When we evaluated the performance of our models in the aftermath of the outbreak, we found that the first forecast overestimated the outbreak size, but forecasts improved dramatically in late December, when the epidemic started to slow down. This is a common challenge when forecasting disease outbreaks, and our analysis highlighted several factors that could be improved in future – such as the speed of model development and the type of model used – as well as other issues, like data quality, that are always a challenge in emergency situations like this.

Besides these technical insights, our work showed that to maximise the benefits of real-time modelling for future outbreaks, we should encourage long-term, sustainable collaborations between epidemiological modellers and the organizations working on the outbreak response. For mathematical models to realise their full potential – and to prevent analysis that is disconnected from the field-reality – communication between outbreak responders and modellers is key. This can enable modellers to appreciate the context and operational challenges involved, and help responders to understand capabilities and limitations of models.

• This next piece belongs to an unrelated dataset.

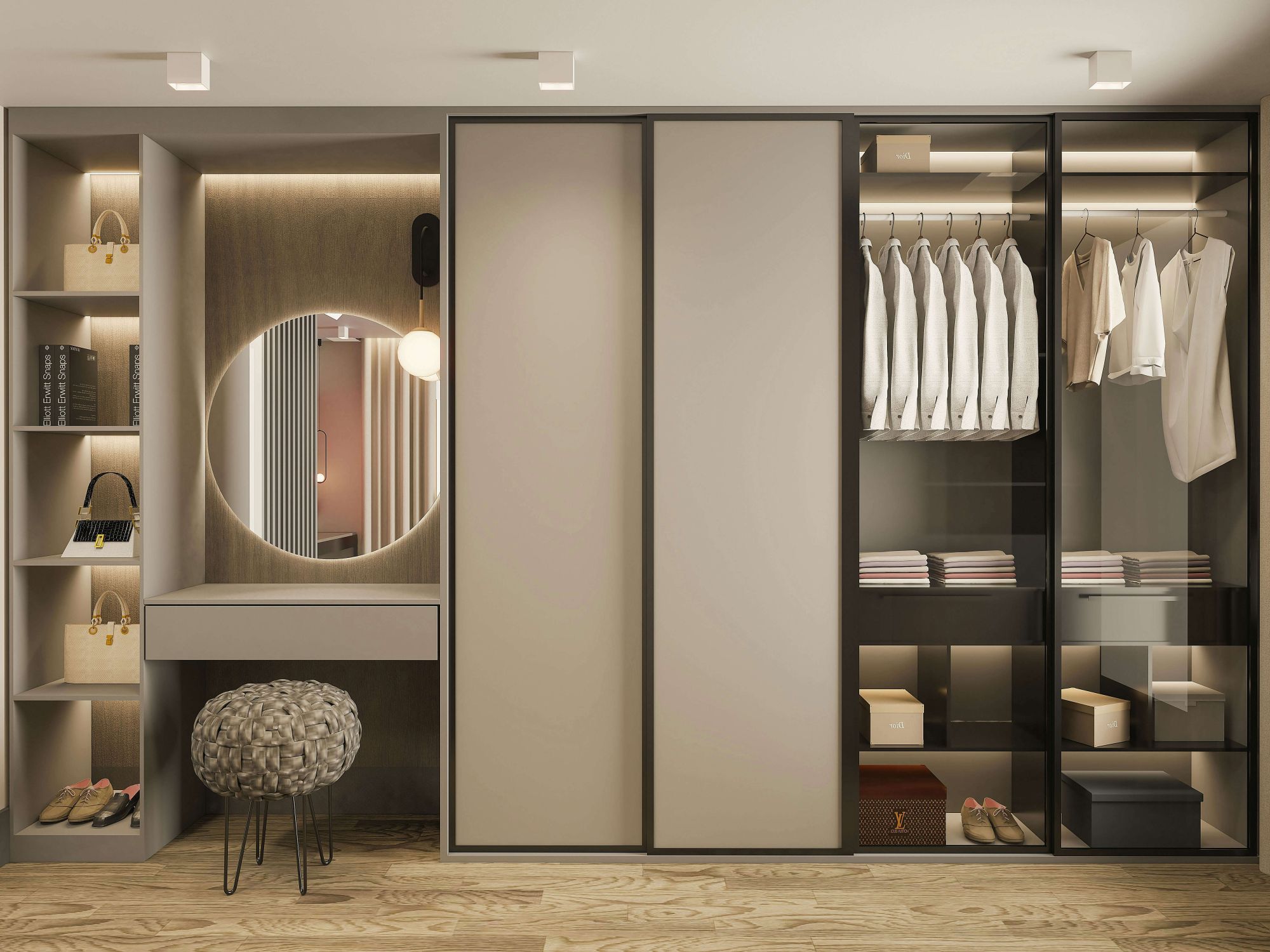 confiez vos travaux de rénovation à paris 75001 à une équipe professionnelle. expertise, conseils personnalisés et devis gratuit pour transformer votre intérieur ou votre local.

Our study is a good example of why epidemiological analysis and modelling should be routinely incorporated in outbreak response, and for modellers to be involved at all stages, ranging from data collection, curation and analysis to intervention design and evaluation.

Building on this work, Flavio Finger spent several weeks in Bangladesh in early 2018 assisting partners with on-the-ground data analysis. He was struck by the complexity of the situation there and the sheer scale of the humanitarian crisis, but also by how relatively simple analysis of available data can help improve understanding of ongoing outbreaks – and guide the resulting response.